The closest thing to a plot is our supposedly main guy’s attempts to stop peace by going to war. Or stop war by going to a bigger war. Or spend 350 pages missing his one true love while sleeping with someone who can look like her at whim, before settling down with someone he’s never mentioned before, and only met through a magic mirror.

The world (or worlds, since apparently there are 9) of Northworld are punctuated by random and outlandish technology, delivered via engineers from a place that is (most unfortunately) called The Matrix. Scrying mirrors, dragonfly motorbikes and battling laser suits of armour are in abundance and drive the threadbare plot forward, but it is never truly explained how they work, why they work, and just what on earth this ridiculous Matrix depositing cool toys around the world(s) is all about.

Since the success of JK Rowling, a lot of publishers of fantasy and science-fiction insist that all new submissions feature a coherent, explainable system for their magic, technology, aliens or lizard-people and whatnot. This barrier against novels stuffed with random !COOL! and pointless tech often frustrates me as a writer, but as a reader of Vengeance I can see it as a blessing.

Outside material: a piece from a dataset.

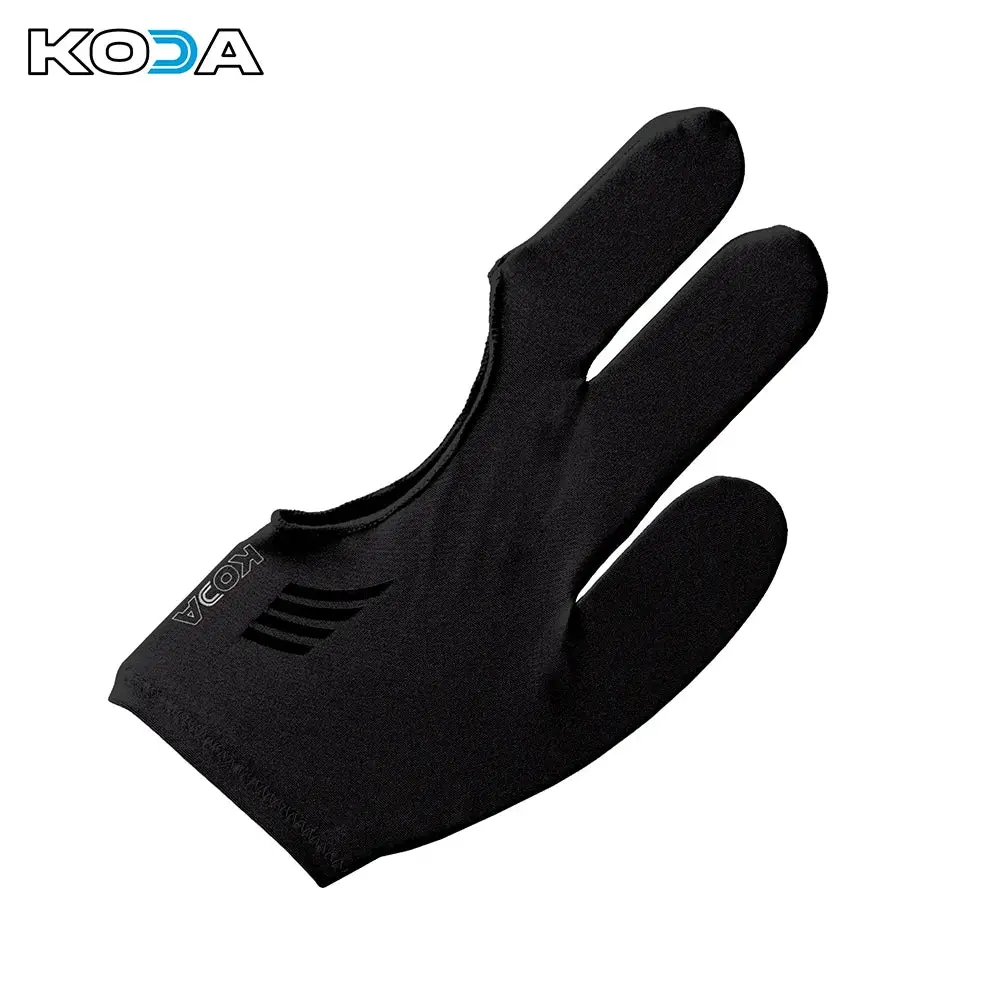 KODA Pro Series Unisex Full Finger Gloves - High-Quality Fabric, Reduced Friction, Multi-Size, Consistent Accurate Stroke Support, Billiard Accessories for Cues, Snooker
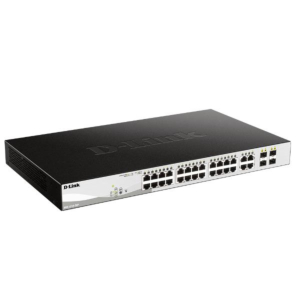 SWITCH SMART 24P.GIGA POE 2P SFP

It’s hard to get behind the motivations of a people who inhabit a world or nine when you can’t comprehend the realities of those worlds themselves. The Matrix spews out tech as and when it is needed and no-one questions or wonders why and even the back-cover blurb resolvedly claims that it “defies explanation”. Characters in science-fiction should never be excited, scared or even aware that they are in science-fiction, but Vengeance shows their lack of curiosity as ignorance, and has them stumbling round a world with little care or knowledge of the real things of consequence.

Perhaps it is better to leave the reader to apply their own understanding to how a world works, and meet the text somewhere in the middle, but there is nothing to stop them adopting the laziness of the author and exclaiming “it’s just MAAAAGGGIIIIC” before giving up and failing to stretch their understanding any further.

Any links between the three divergent and weak narratives are not particularly obvious either, and there is no sense as the pages turn that the story is rushing towards any kind of climax, with the final coming together (for a bloody and unnecessary battle, of course) feeling like an arbitrary after-thought, all that keeps three lackluster short stories together long enough to pass them off as a completed novel.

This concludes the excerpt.